**To do:** Pictures are to be dropped from the copy. Retype the listing exactly.

**Dataset content:**
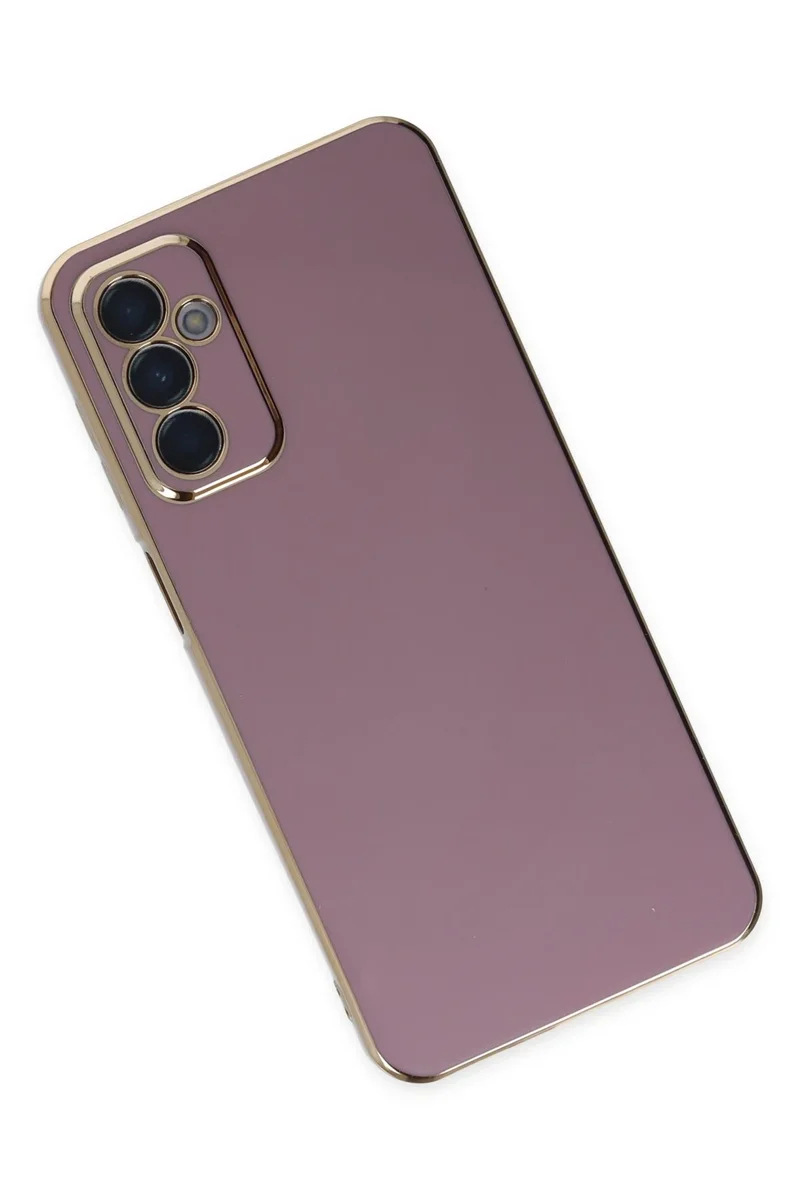 Newface Samsung Galaxy M23 Kılıf Volet Silikon - Mor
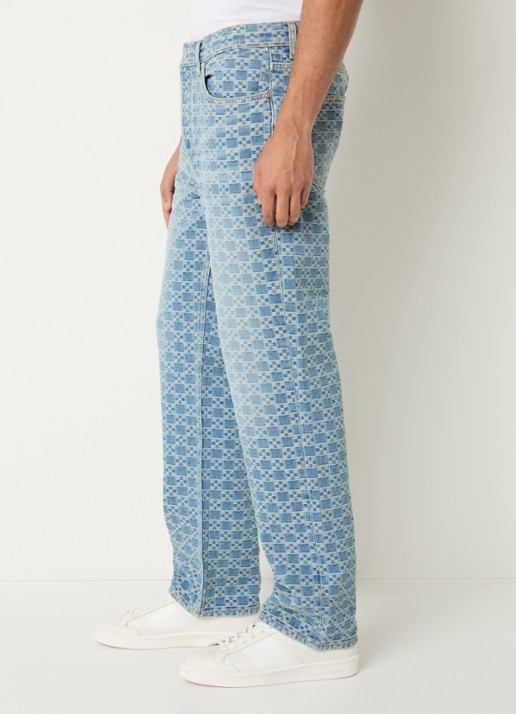 Sandro Straight leg jeans met steekzakken en print - detail 5 indigo
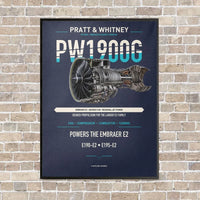 Thumbnail for PW1900G vertical canvas print - framed - navy blue background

**Output for this task:**
 Newface Samsung Galaxy M23 Kılıf Volet Silikon - Mor
 Sandro Straight leg jeans met steekzakken en print - detail 5 indigo
 Thumbnail for PW1900G vertical canvas print - framed - navy blue background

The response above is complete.